A recent study has revealed that 70% of remote workers were clocking time on the weekends—even if it is just as simple as checking emails—and that employees experience increased anxiety, decreased quality of sleep, and lower relationship satisfaction because of having to attend to after-hours emails. Researcher Bill Beker calls this phenomenon “anticipatory stress,” or the feeling of always being ready to receive a work email beyond work hours.
This is why, according to a recent Forbes report, company leaders should create clear communication guidelines in helping their people have truly work-free evenings, weekends, and vacations. After all, the happiest and most productive employees are not exactly the ones who work themselves into the ground.

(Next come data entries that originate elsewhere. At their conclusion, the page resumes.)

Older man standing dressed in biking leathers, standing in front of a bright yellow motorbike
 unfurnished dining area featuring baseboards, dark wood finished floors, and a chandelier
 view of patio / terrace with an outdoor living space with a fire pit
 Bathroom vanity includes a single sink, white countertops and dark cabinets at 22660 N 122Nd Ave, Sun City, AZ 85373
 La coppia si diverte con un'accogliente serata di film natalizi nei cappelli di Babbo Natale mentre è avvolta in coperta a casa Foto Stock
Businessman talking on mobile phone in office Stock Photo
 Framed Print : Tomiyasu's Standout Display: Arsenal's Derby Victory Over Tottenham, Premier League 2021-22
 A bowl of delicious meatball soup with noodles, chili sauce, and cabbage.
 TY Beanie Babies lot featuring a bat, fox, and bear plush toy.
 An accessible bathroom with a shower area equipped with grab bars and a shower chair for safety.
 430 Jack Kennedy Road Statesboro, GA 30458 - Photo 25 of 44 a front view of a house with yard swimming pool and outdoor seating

The Forbes report acknowledged TaskUs’s work-life balance initiative as an impressive effort to curb employee burnout. Particularly, in 2019, TaskUs implemented the “No chat weekends” policy, which discourages employees from sending business-related emails or chat messages during their days off.
“At TaskUs, we value our employees’ work-life balance and want to be sure they have time to reset after the workweek. We know that allowing this time to disconnect and take a break improves long-term productivity, happiness, and energy,” said Brandy Rosner, TaskUs’s Vice President of People Operations. “We encourage leaders to take their vacation time, truly disconnect from work, not check emails or messages, and have backup contacts in place while on PTO (paid time-off).”
The Forbes report also said that other companies can learn from TaskUs: “Like TaskUs, your organization can create a healthy policy around email communications—a policy that offers to increase employee happiness and productivity by clarifying when and how communication should occur at your company.”